Mar 31 '24 09:03 noahmayr

I'm not suggesting internal structures shouldn't change. Clients like gg have to keep up with breaking changes (unless it moves into the jj repo someday). However, I'm skeptical that any reasonable client-server protocol would be sufficiently high fidelity for arbitrary non-internal clients. Some specific concerns:

Server push is necessary; the client can't always tell what will change in order to encode that in RPC response types.
The client needs to be able to tell the server when it should or shouldn't snapshot, as well as merging oplog heads. This is needed for performance and for user-friendly safe concurrency.
The operations desirable in a GUI are neither a subset nor a superset of what's useful in a CLI. Most jj commands do "too much" from gg's point of view (which is important to allow CLI users to get a lot done in a little typing); some aren't capable enough because they don't have access to interactivity.
In a few cases, I've deliberately used different defaults due to the nature of each interface (example: in GG, your selection and your context-menu are distinct from the working copy, so I've made Backout create its inverse changes in the working copy rather than disruptively creating a new revision atop it).

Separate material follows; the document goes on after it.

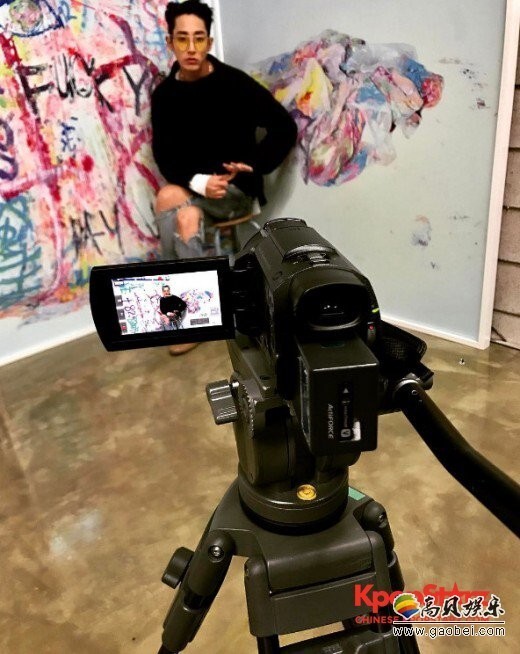 G-Dragon通过个人Instagram公开了至亲李秀赫的近况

In short- while I'm sure a daemon with an RPC interface would be useful, I don't see it as a replacement for what jj-lib can do when used as a crate. It could provide a rich interface tailored to some specific client, but probably at the cost of being a semantic bottleneck for others.

Mar 31 '24 14:03 gulbanana

@wuzzeb The issue for jj web is #2765 so it is planned.

To summarize a gRPC interface and a good library solve two very different goals and having one doesn't invalidate the use-case of the other. I assume that at some point jj will grow to have a daemon, so the embedders can integrate it in their preferred way.

As we're currently permanently unstable, I'd not worry about the "best" way forward as it is an issue for the eventual v1, we should accomodate both clients as best as possible.

Apr 01 '24 18:04 PhilipMetzger